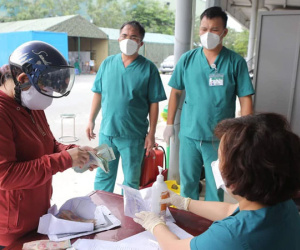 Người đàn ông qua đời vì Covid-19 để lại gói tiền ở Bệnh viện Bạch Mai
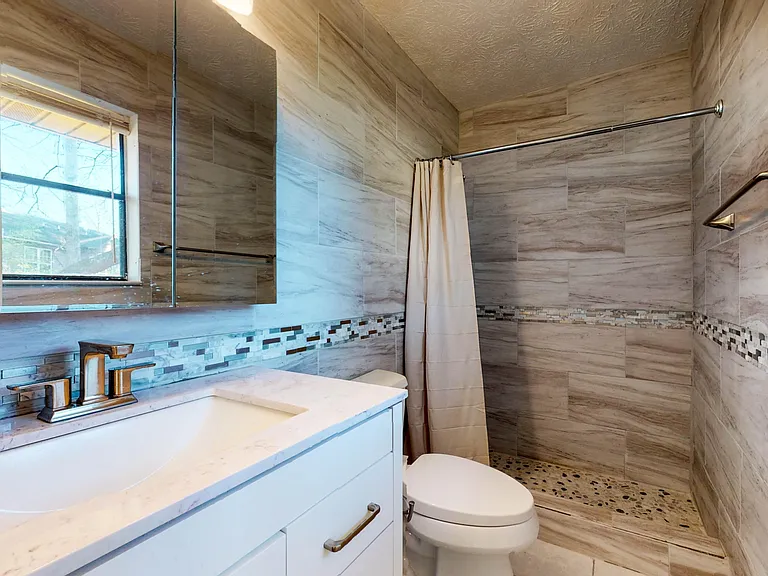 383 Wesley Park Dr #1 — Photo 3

==

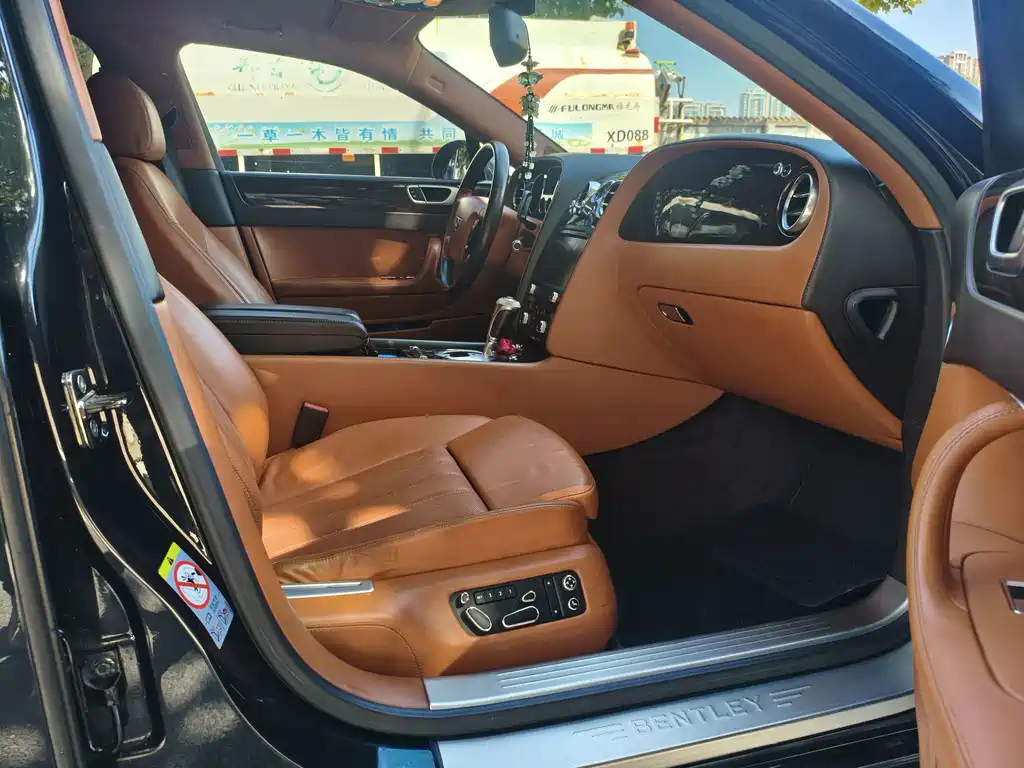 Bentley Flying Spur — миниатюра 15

==

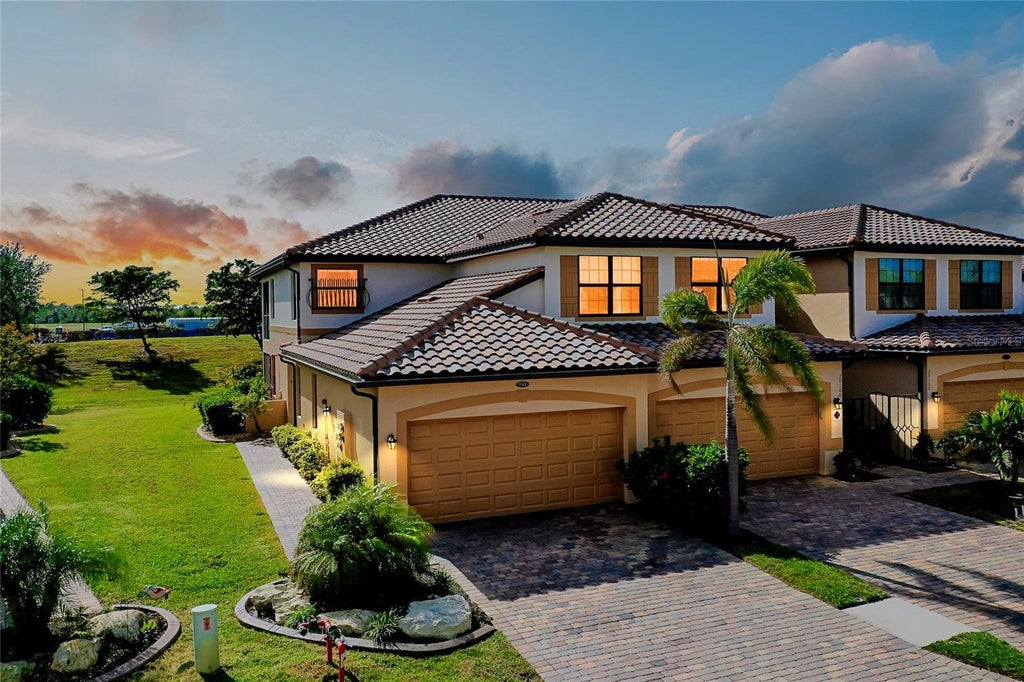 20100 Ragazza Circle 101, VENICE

DESCRIPTION OF THE TASK — In the data above, start at the line holding "Người đàn ông" and stop after the line holding "383 Wesley Park Dr #1 — Photo 3"; write out those lines exactly, without pictures.

THE ANSWER —
 Người đàn ông qua đời vì Covid-19 để lại gói tiền ở Bệnh viện Bạch Mai
 383 Wesley Park Dr #1 — Photo 3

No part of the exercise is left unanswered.